このレビューはネタバレを含みます▼
どっぷり一穂ワールドに浸かっています。
他の作家さまのbl小説とは本当にひと味もふた味も違います。
本作の評価はそれほど高くありませんが、私は大好きです。
他のレビューにもありましたが、行間を空けずにに場面が変わるため、たしかに最初は読みにくいです。
でもそのいきなりなが語り手と場面の転換が段々効果的に効いて、コラージュのように寄せ集めのカケラが大きな別の絵を描いていくようです。
ある意味一穂先生らしさがとても良く出た作品です。
城下町の歴史、酒造りの蔵、都会の底辺で生きる危うさ、剣道の試合に至るまで、リアルな描写の上にくっきりと御伽噺のフレームが立ち上がります。
情景や人物を描く術に長けているため、登場人物の心の変化が読者を置いて行くことはありません。
こんなにもリアリティのないストーリーなのに揺さぶられる、特にクライマックスの隼人の独白には涙です。
あっちゃんの両親と隼人のくだり、手作りアロエジェルや手編みのマフラーなどの小道具の使い方、「I Love you」の訳し方が夏目漱石に終わらないのもさすがです。
最後にこの話の影の引き回し役、慎の話がちょっとあるのです。

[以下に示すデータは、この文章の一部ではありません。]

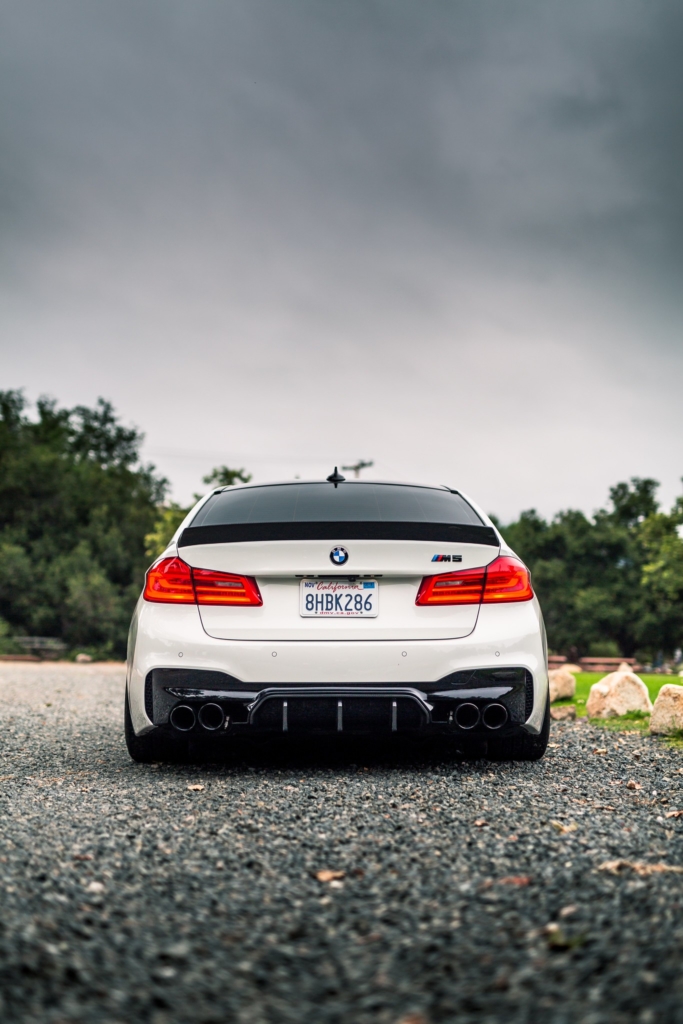 Alpine White F90 M5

慎の不思議な人物造形、あっちゃんの姉とその婚約者との微妙なサークル(トライアングルじゃないのがイイ)、こういうところですよね、一穂ワールドと呼びたくなるのは。
小説のページは終わっても、彼らはどこかにいてちゃんと生きている。
そういう「世界」を描ける稀有な作家様だと思います。